14 DAY TRIAL // According to researchers at the Carnegie Mellon University, in the US, gene regulatory networks in cell nuclei are strikingly similar to cloud computer networks, such as Yahoo! and Google, in their ability to function even if one or more of their nodes are down. This characteristic is essential to cloud computing, as the failure of a single processor could otherwise have potentially devastating repercussions on the entire network. Similarly, the failure of some master genes inside the nuclei does not mean that the cells themselves die, as other genes take over some of the load, and share “responsibilities.”

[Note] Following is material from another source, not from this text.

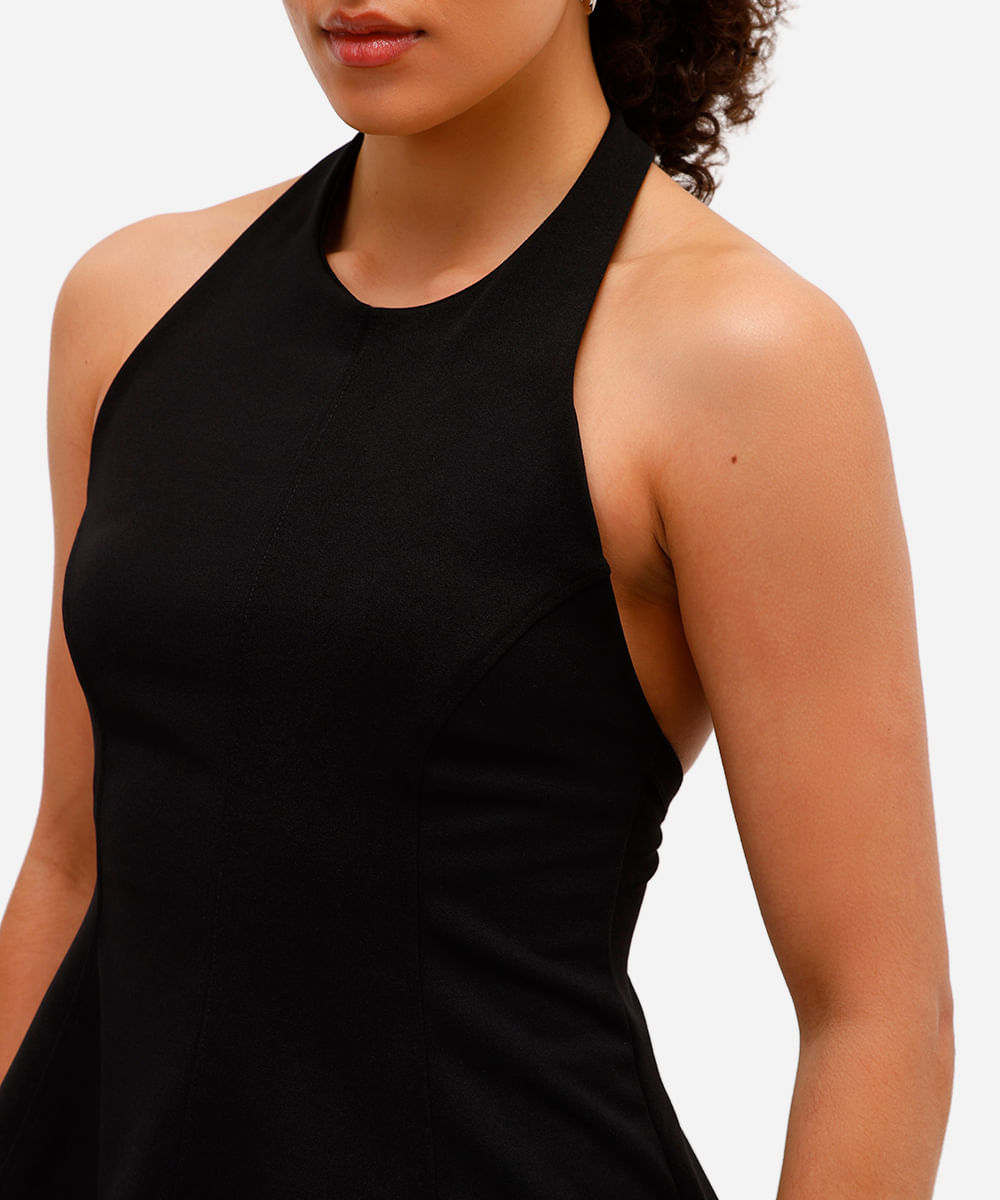 blusa frente única feminina com recortes peplum preta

The new find was of paramount importance for biology, the international science team, led by the CMU experts, announced online in yesterday's (June 16th) issue of the journal Molecular Systems Biology. The study is not essential only because it helps explain the longevity of the cell, but also because it offers some new insight into cellular readings that have, at some point or another in time, puzzled researchers around the world. It helps explain how cells continue to function as a whole, despite the fact that they lose some of their components.
“Similarities in the sequences of certain master genes allow them to back up each other to a degree we hadn't appreciated,” CMU Assistant Professor of Computer Science and Machine Learning Ziv Bar-Joseph, who is also a computational biologist at the Carnegie Mellon University-based Ray and Stephanie Lane Center for Computational Biology, explains.
Basically put, when a new organism is created, the most important agents in its development are transcription factors, proteins that have the ability to turn all genes on or off. These proteins are themselves made by master genes, which represent about five to ten percent of the genes in the organism. What the new research did was prove that, if one of the master genes somehow got compromised, others encoding similar information (called paralogs) would step in and encode the same set of proteins as their disabled predecessors.
“It's extremely rare in nature that a cell would lose both a master gene and its backup, so for the most part cells are very robust machines. We now have reason to think of cells as robust computational devices, employing redundancy in the same way that enables large computing systems, such as Amazon, to keep operating despite the fact that servers routinely fail,” CMU Computer Science Department graduate student Anthony Gitter, the lead author of the new study, concludes.